By Emma Calvert, Staff Writer

Picture an overwhelming number of students jammed into a tiny classroom with not even enough desks to ensure everyone gets a seat. It’s like sardines being shoved into a minuscule can until there is no more room to move. This is what it’s like at McClatchy.

Year after year, students hope they aren’t forced out of their classes due to the ridiculous number of overbooked students. This is unacceptable. Kids are being stuffed into a crowded room, where they are expected to concentrate. How is this possible when they can feel and hear their peers breathe behind them? It isn’t. It’s a detrimental learning environment that has no positive factors.

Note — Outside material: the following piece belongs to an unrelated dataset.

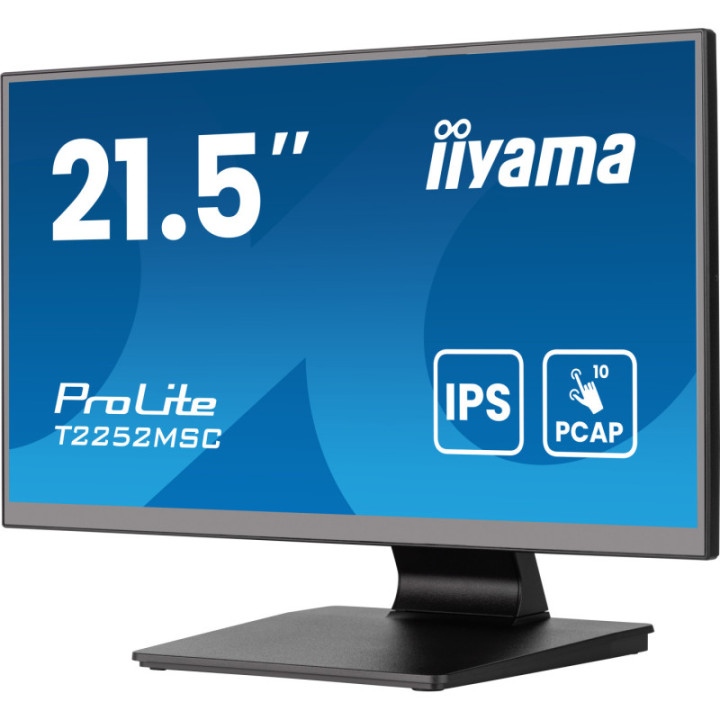 Iiyama 22" PCAP 10P Touch BLACK T2252MSC-B2AG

Classes booked with 40-plus high school students is unacceptable.

Not only are the classrooms jam-packed, students receive less attention from their teacher. Some students need and depend on that one-on-one engagement with their teacher to truly grasp the concept they  learnedin class. When there are 40 plus kids in their class, it results in an impossible task.

“My first day of high school, I walked in to my math class and discovered that there were no more seats available. I ended up taking notes while sitting in my teacher’s desk,” said Ethan Borg (‘18). Many other students experienced similar situations–some even having to sit on the floor. This is shocking and should not be tolerated. If a student shows up to class prepared and ready to learn, they should be able to at least have a chair to sit on, and enough room to stretch their legs. Another student, Della Mahoney, (‘17), expressed her frustration as well, “I felt offended. They need to make room for everyone.”

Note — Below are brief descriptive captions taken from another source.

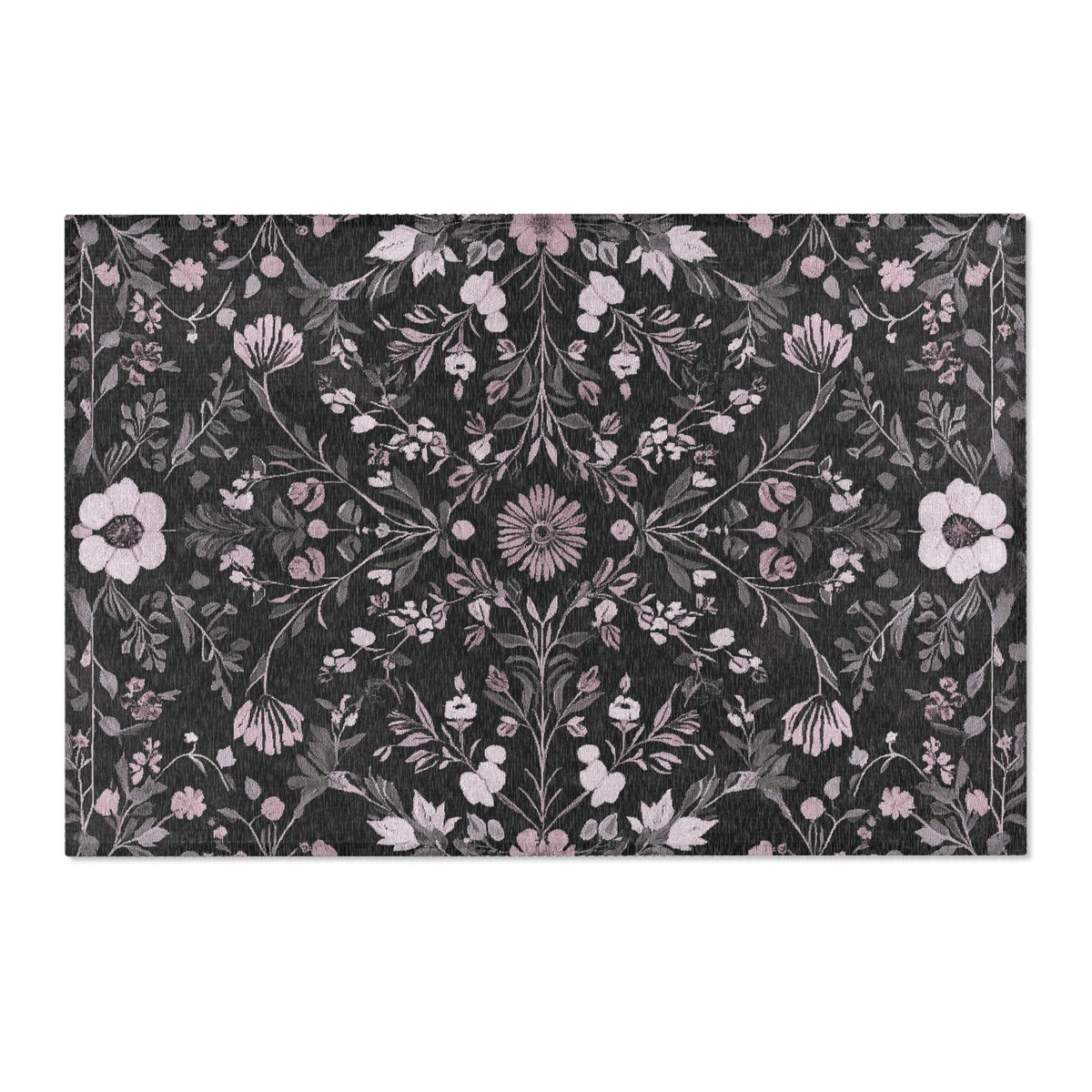 Enchanted Winter Grove Rug - Nature-Inspired Tranquility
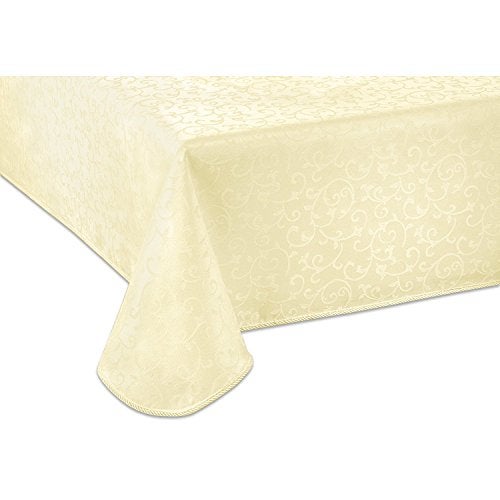Lenox Opal Innocence 60x102 Oblong Tablecloth Ivory - Image 1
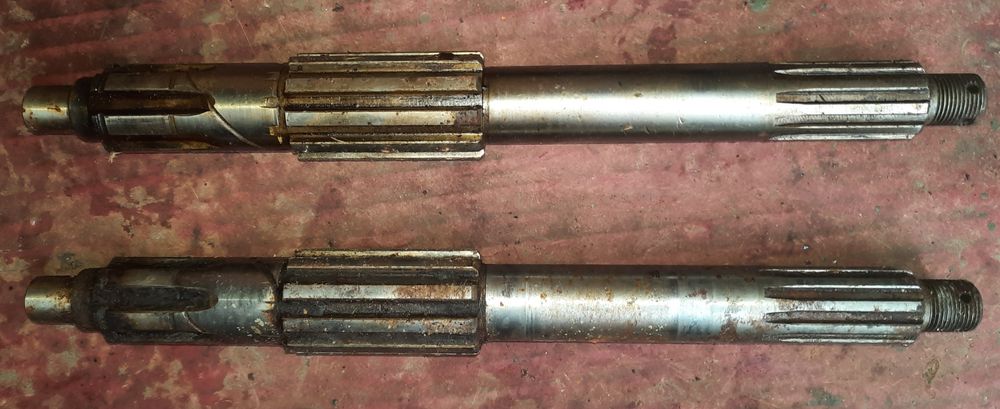 21А-1701105 Вал вторічний коробки передач ГАЗ-21 Волга 21 ссср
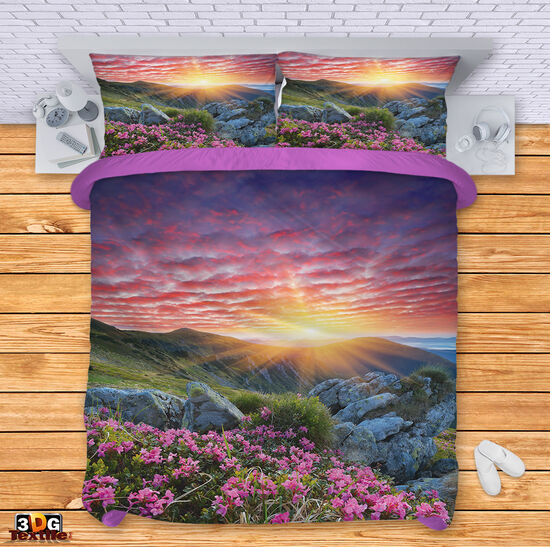 Lenjerie de pat Sunset in the mountains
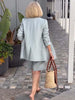 Trendy Damen Leinen Sommeranzug – Camille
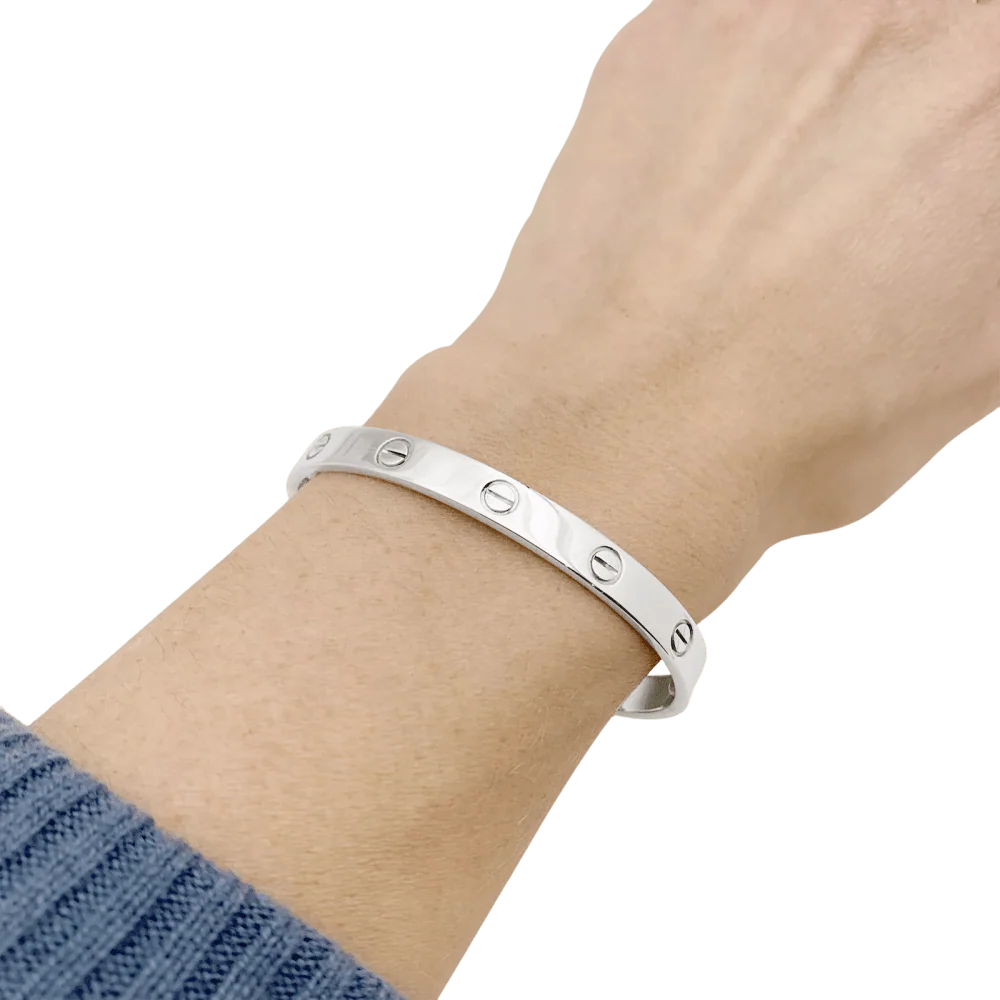 Bracelet CARTIER "Love" wedding band in white gold - Image 2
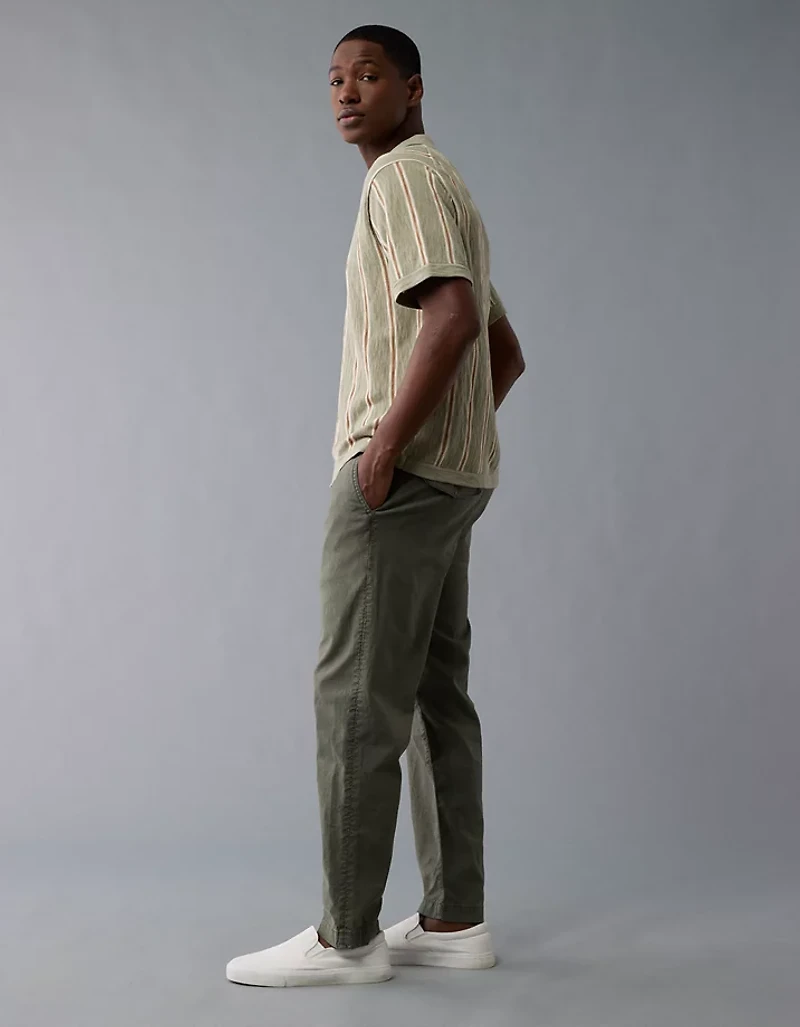 AE Flex Linen-Blend Athletic Fit Pull-On Pant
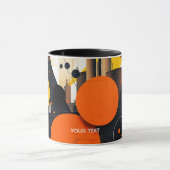Fantasy Niedlich Abstrakt Red Circles Tasse (Zentrum)
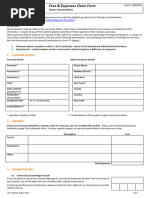 NHS LSF TDAE Claim Form Guide | PDF | Fraud | Receipt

When putting together schedules, they have to overbook certain classes because some students drop out during the first week of school. This is a smart strategy to an extent. And at McClatchy they have long succeeded in this strategy. McClatchy has gone overboard by overbooking too many kids to the point that there isn’t even enough space for students to sit.

Overbooking of classrooms also causes kids to be transferred, unwillingly, to other periods, or even other classes. This causes a rift in their schedule and unwanted class changes. It’s another side effect of the overbooking of classes. “It angers me that they overbook the class and then kick you out of the class you requested,” said Sofia Ringstrom (‘16), another student fed up with the unproductive system. So many students select their schedules and then are assigned their first choice, but later during the beginning of the school year are kicked out. When students receive their “final” schedule at orientation, it should actually be final.

Not only is this a bad situation for students, but also for teachers. Trying to control even a small number of rambunctious teenagers is a challenge, but an overwhelming number of 40 or 45 is on a much higher scale. motivating them to do work and participate just adds to the struggle. Once again, this is an unfair request.

Teachers and students both need to be cut a break. We can’t expect students to push their learning capacity when there isn’t a simple desk provided for them, let alone one-on-one attention from a teacher.  Even though schedules can’t be perfect for every single student, McClatchy needs to take a step in the right direction by not overbooking classes in the first place.